-- EXTRACTED ENTRIES follows --

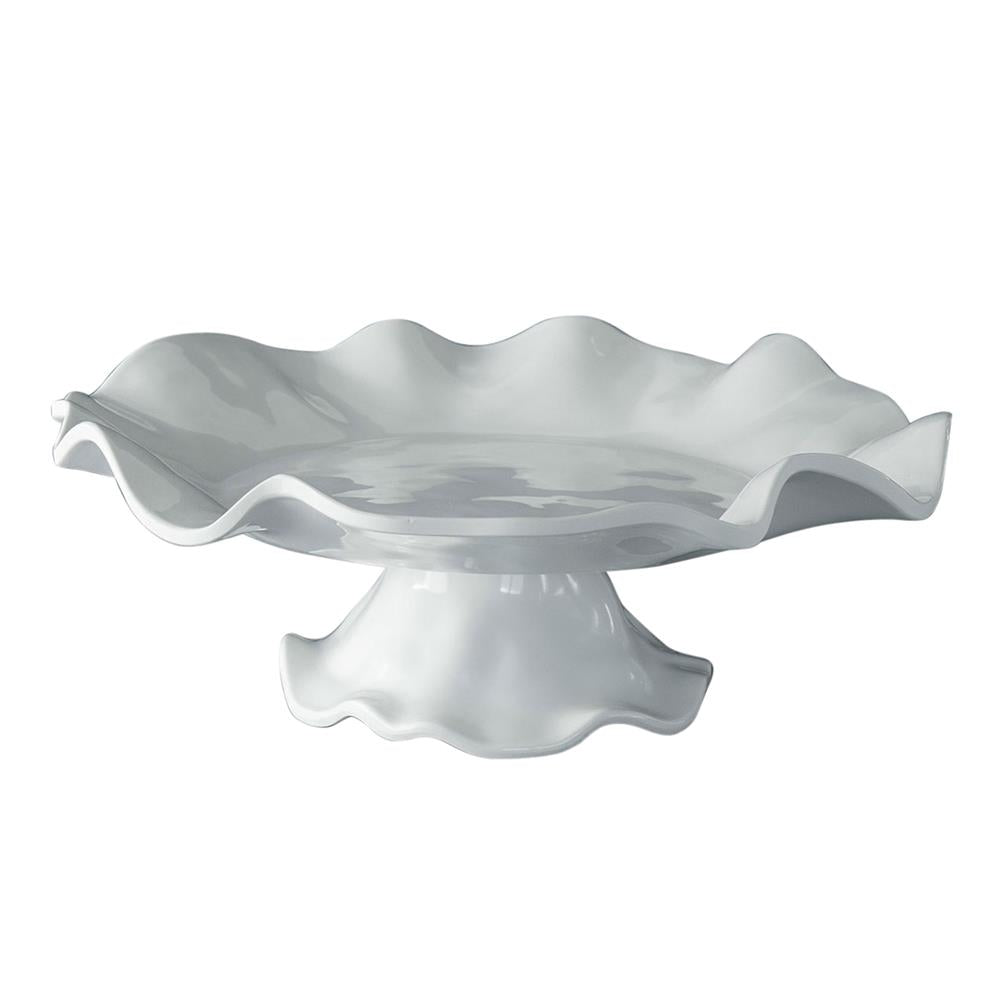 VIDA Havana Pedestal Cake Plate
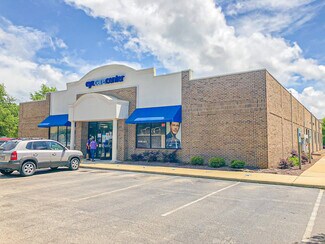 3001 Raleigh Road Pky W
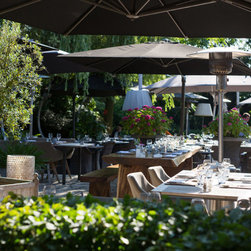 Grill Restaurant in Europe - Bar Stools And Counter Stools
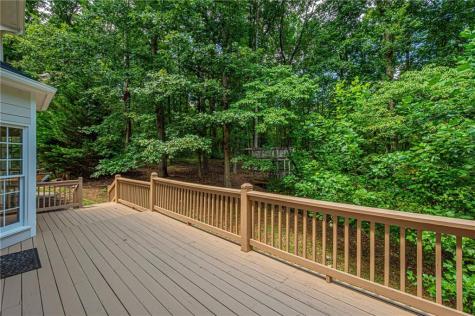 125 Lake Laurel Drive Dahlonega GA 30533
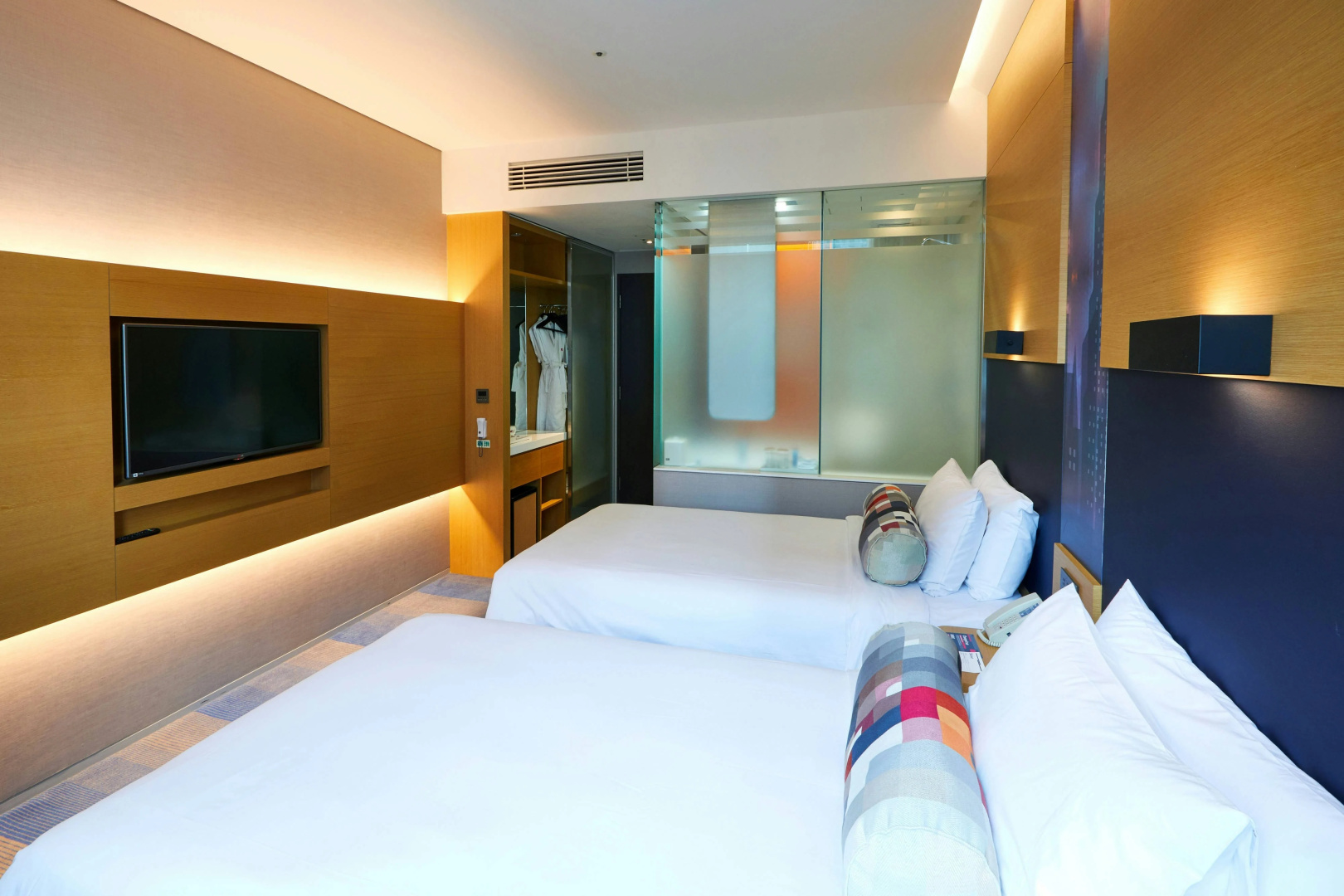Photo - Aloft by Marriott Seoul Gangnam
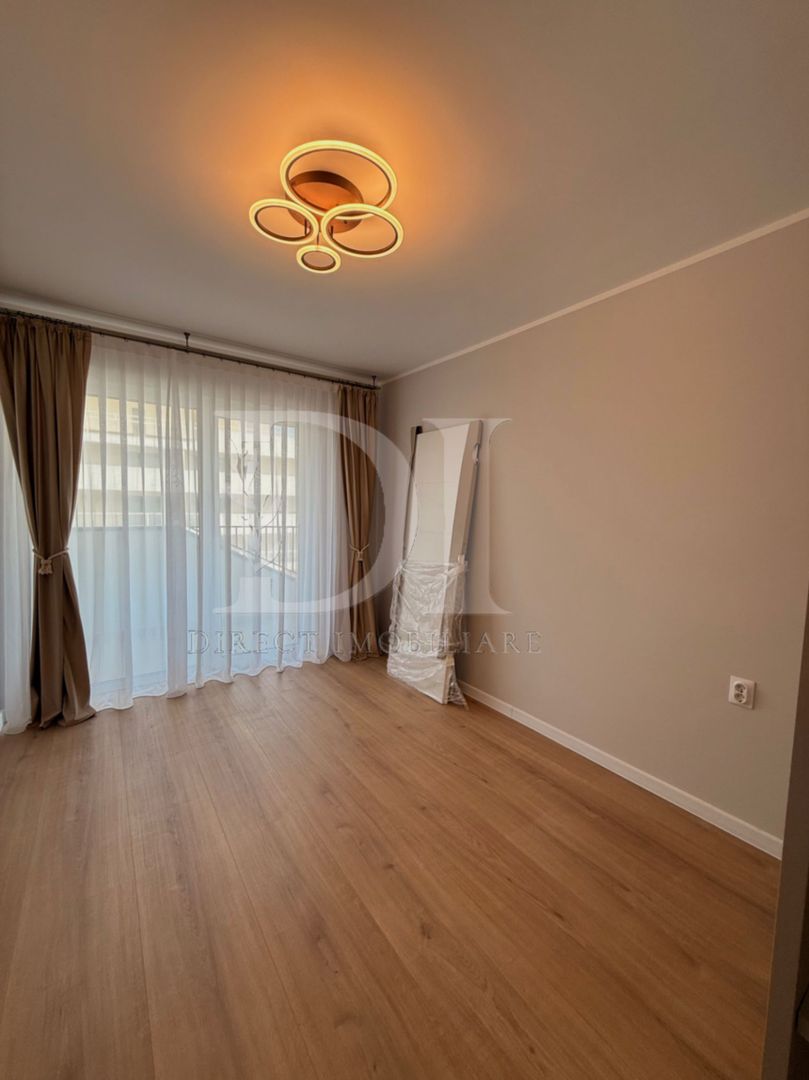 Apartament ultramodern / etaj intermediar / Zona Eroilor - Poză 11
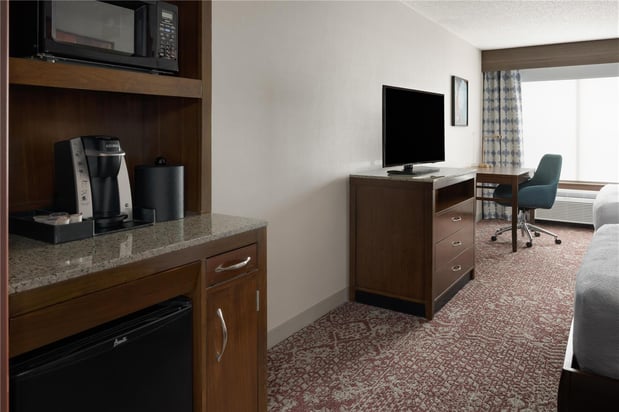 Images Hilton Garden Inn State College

-- EXTRACTED ENTRIES concluded --
-- EXTRACTED ENTRIES follows --

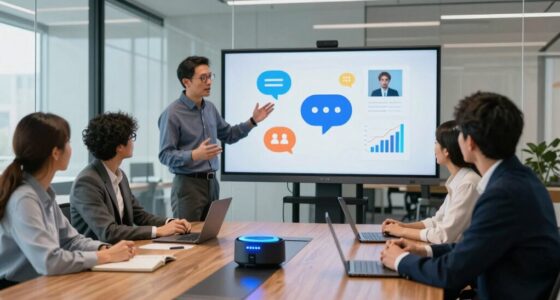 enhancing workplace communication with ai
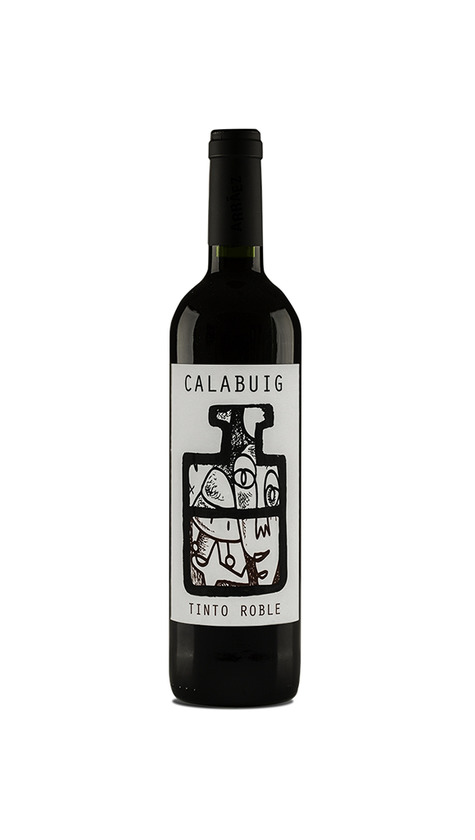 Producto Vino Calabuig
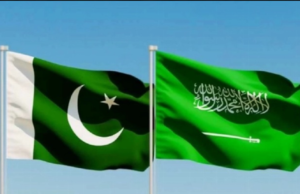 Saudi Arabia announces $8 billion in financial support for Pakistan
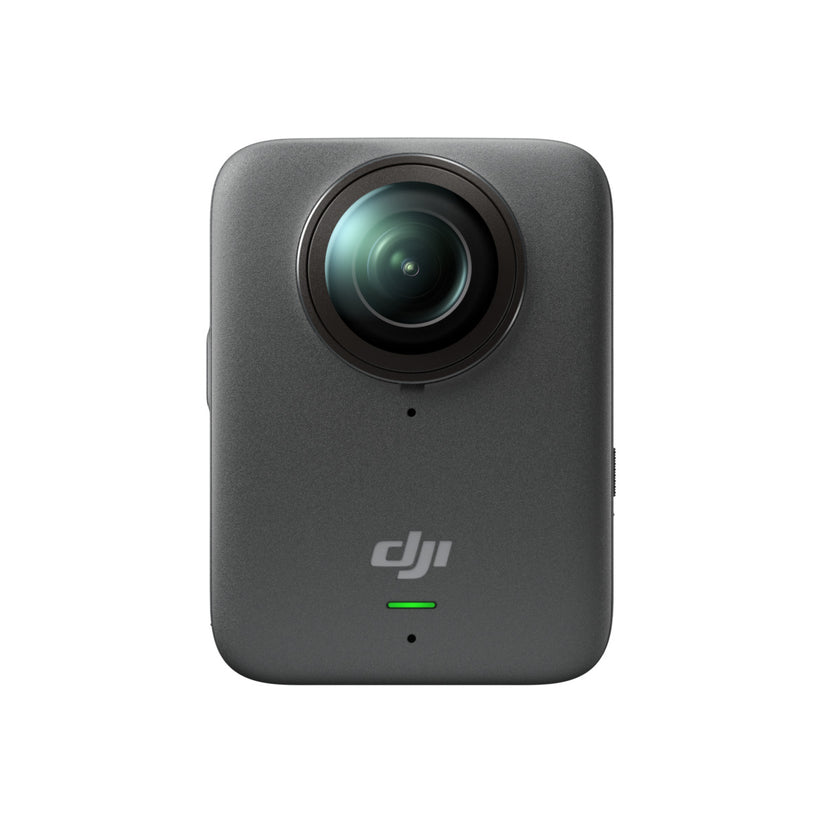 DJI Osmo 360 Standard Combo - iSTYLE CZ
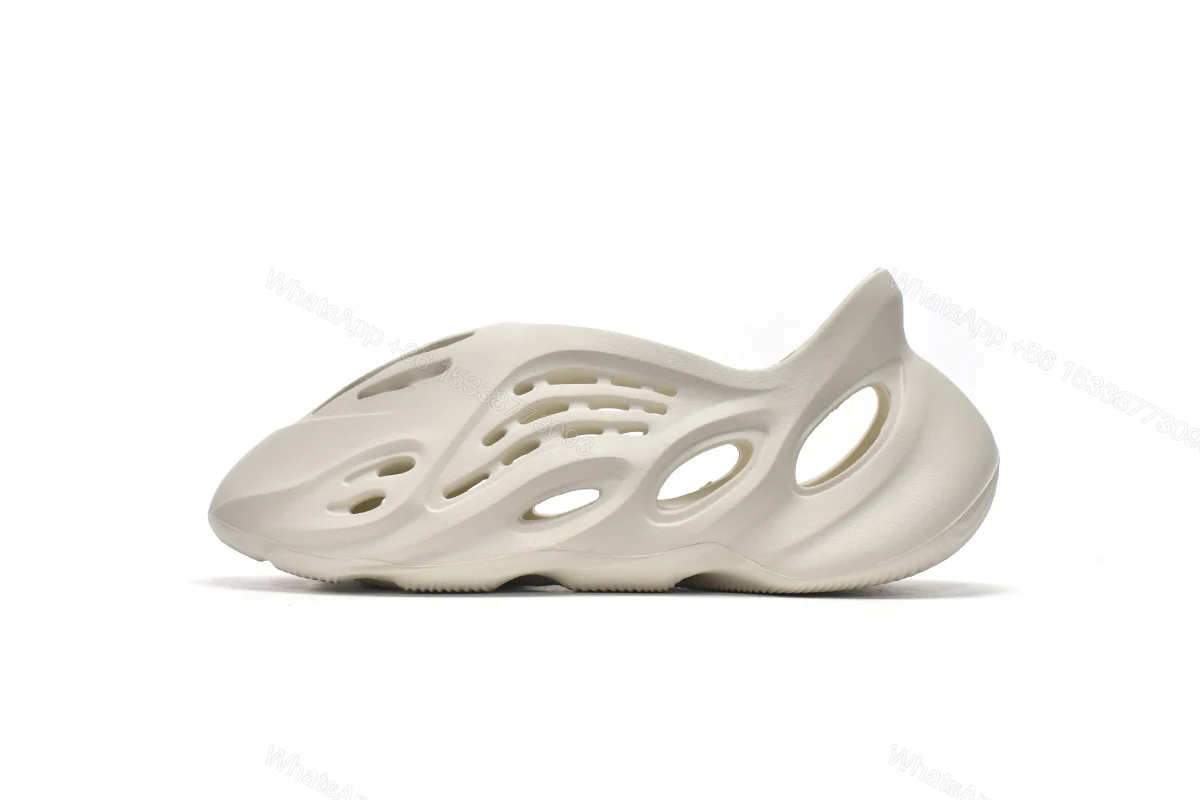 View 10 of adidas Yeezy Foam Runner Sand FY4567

-- EXTRACTED ENTRIES concluded --

§ **INSTRUCTIONS TO FOLLOW**:
Copy only this from above: the line containing "3001 Raleigh Road Pky W", the line containing "Images Hilton Garden Inn State College", and all lines between, printed exactly. Leave out the pictures.

§ **EXERCISE ANSWER**:
 3001 Raleigh Road Pky W
 Grill Restaurant in Europe - Bar Stools And Counter Stools
 125 Lake Laurel Drive Dahlonega GA 30533
Photo - Aloft by Marriott Seoul Gangnam
 Apartament ultramodern / etaj intermediar / Zona Eroilor - Poză 11
 Images Hilton Garden Inn State College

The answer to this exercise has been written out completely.